#### Recorded data:
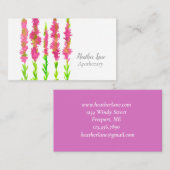 Carte De Visite Aquarelle Fleur sauvage Heather Fuchsia rose (Devant / Derrière)
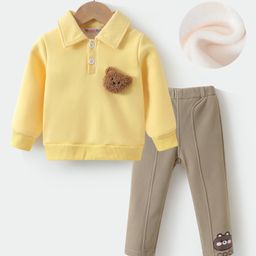 Kookie Kids Full Sleeves Winter T-Shirt & Lounge Pant Set With Bear Applique - Yellow-image-32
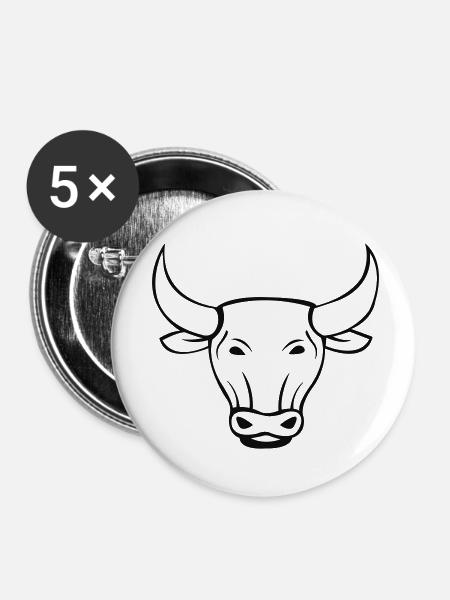 stier 01 - Buttons klein 25 mm (5er Pack) - Weiß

#### Exercise directions:
Output the listing word for word. Drop the pictures.

#### Solution for this exercise:
 Carte De Visite Aquarelle Fleur sauvage Heather Fuchsia rose (Devant / Derrière)
 Kookie Kids Full Sleeves Winter T-Shirt & Lounge Pant Set With Bear Applique - Yellow-image-32
 stier 01 - Buttons klein 25 mm (5er Pack) - Weiß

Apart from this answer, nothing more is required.